Norway's Oil Fund has taken a serious dent amid plummeting oil prices and an ongoing fall of the krone, broadcaster NRK reported.

Despite the Oil Fund currently being listed as worth NOK 300 billion more than at the turn of the year, this is merely an illusion, as none of its assets are in kroner, experts estimated.

“Rarely have developments been more misleading than now. In reality, we have lost more than one fifth of our oil wealth”, Nordea investment director Robert Næss told NRK.

According to Næss's calculations, while the Fund's value in Norwegian kroner has risen by 3 percent since New Year, the reality measured in US dollars or euros is quite the opposite.

At the end of last year, the Oil Fund was worth about $1,149 billion. Now, it is worth around $882 billion, a decrease of 23 percent. The fall is so drastic that it equals the value of the entire 2020 state budget not once, but twice.

“We have never seen such a large fall in global stock markets within a quarter. The equity ratio is also sky high, which makes it likely to be the weakest quarter for the Oil Fund ever”, Næss commented.
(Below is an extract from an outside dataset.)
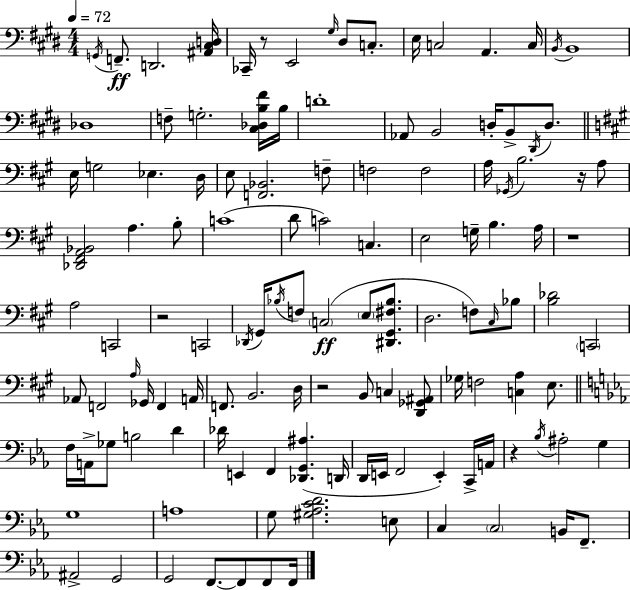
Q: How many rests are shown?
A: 6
Eika group chief economist Jan Ludvig Andreassen concurred with this estimate. According to him, the value of the Oil Fund has dropped to around $800 billion.

“In absolute terms, this is the biggest drop in the value of the Oil Fund ever”, he Andreassen said.

Much of the fall is due to a weakening krone, Central Bank governor and Oil Fund chairman Øystein Olsen admitted. Since the New Year, the krone has collapsed as international oil prices went into free fall.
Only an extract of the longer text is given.